I was in Milano once - in 1983...


----------



## CzTom (May 25, 2002)

From some prior posts at other boards, it seems to me that the voice control module is separate from the bluetooth phone interface. Thus, you should be able to order one without the other.


----------



## sarastro (Sep 18, 2002)

*Thanks anyway Jon!*

Thanks anyway... I guess that in this case I will be the one to review it after week 48 when delivery is expected!

Yes, I'm from Milan... very well located city actually... easy to get around in Europe and to take the car for a stroll on good motorways where you can push it hard and country/mountain roads where you can have.

BtW Jon and everyone else, of course feel free to contact me whenever if you need to check some infos and specs about euro models... having bought the car directly from BMW Italy makes it easy.

Sarastro

*Last month with my beloved Alfa Romeo 3.0 V6.... sigh*


----------



## Jon Shafer (Dec 15, 2001)

My pleasure sarastro!

Please keep us posted with the impending delivery of
your new BMW, and with life en Italia!


----------



## pakoenig (Feb 25, 2002)

*Voice Module*

I believe from what I've read in the UK forums that if the Bluetooth phone has voice dailing, that should work OK with the std BMW car kit.

You would want (need ?) the BMW voice option if you want voice operated NAV functions.

I'm dying to get the Bluetooth phone kit for my '02 M3. I may try and import it from Europe, although I understand that for now it's factory option only.

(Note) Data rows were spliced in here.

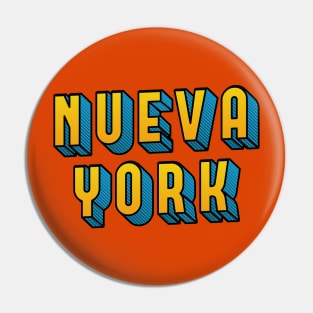 Nueva York Pin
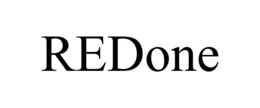 REDONE trademark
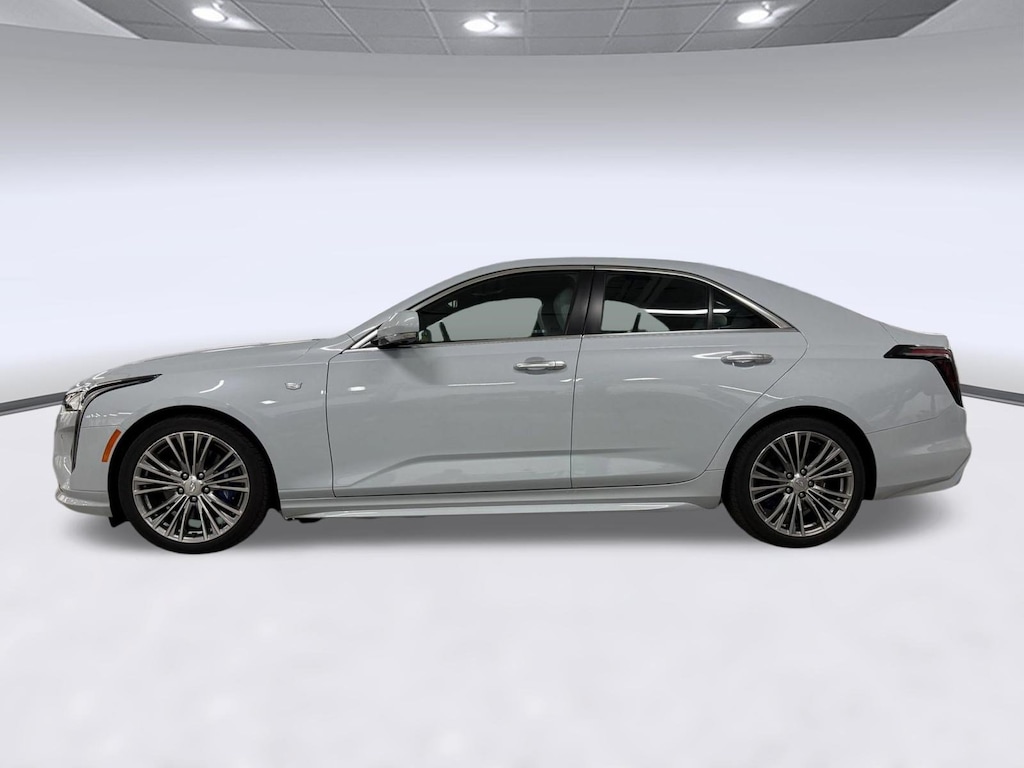 Certified 2022 CADILLAC CT4 Premium Luxury Car
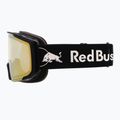 Síszemüveg Red Bull SPECT Jibb Photo matte black/brown with gold chrome x 8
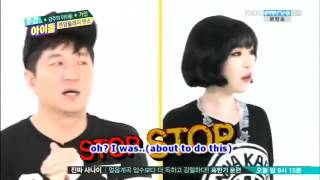 ENG SUB 140312 Weekly Idol Ep 138 Gain Brown Eyed Girls [upl. by Ansela]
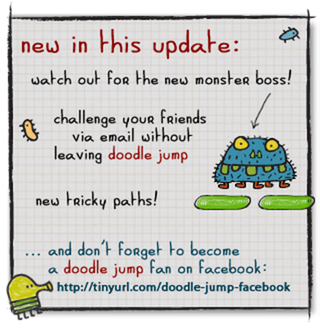 Doodle Jump 1.19 Update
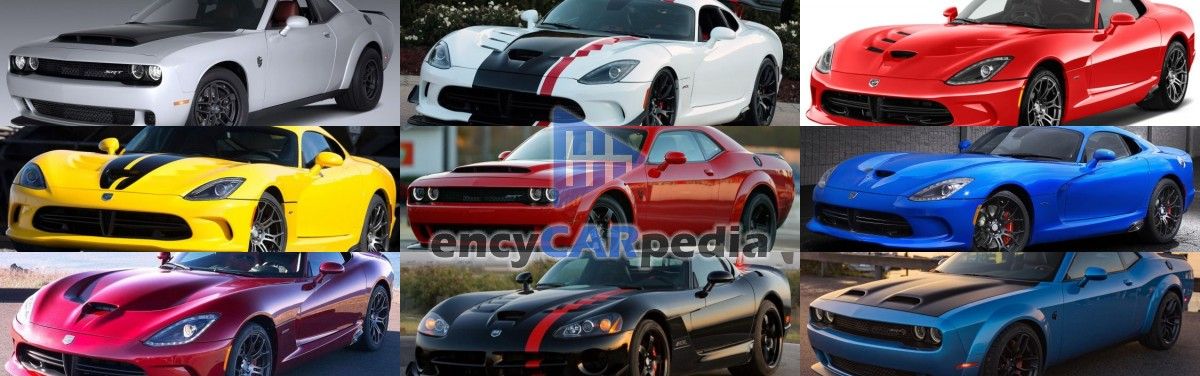 Los Dodge con Mayor Relación Potencia-Peso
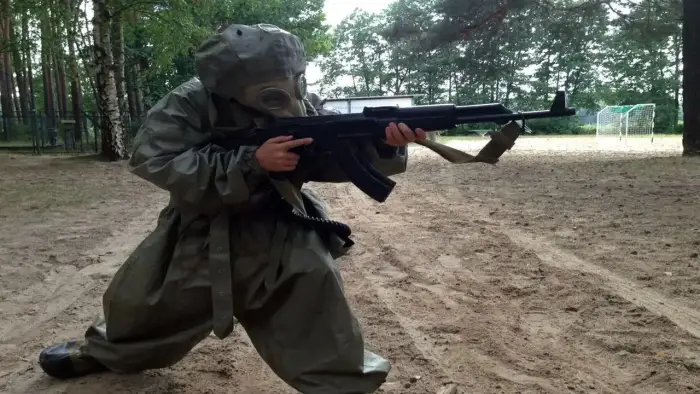 Bachorze - kolonia Komandos Junior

The upgrade version is not expected until early next calendar year.


----------



## jrubens (Aug 14, 2002)

any updates on bluetooth availability in the US and the cost for bluetooth on a 3 series?

Thanks


----------



## pakoenig (Feb 25, 2002)

*Bluetooth Update (unconfirmed)*

There was a post on another board (can't remember which ..) that US Bluetooth retrofit kits would show up in Q1 2003. Cost would be about $1000 (ouch !). This is a bit steep since 3rd party bluetooth kits run about $400-$600.

Not sure if they will work on "older" cars with Motorola factory pre-wire. I have a June 02 build M3 Cab.

I've got the Sony Ericsson T68i, so I'm set for the phone. Bluetooth works great synching my calendar and contacts from Outlook into the phone.


----------



## jrubens (Aug 14, 2002)

I guess new car pricing has not been announced yet?


----------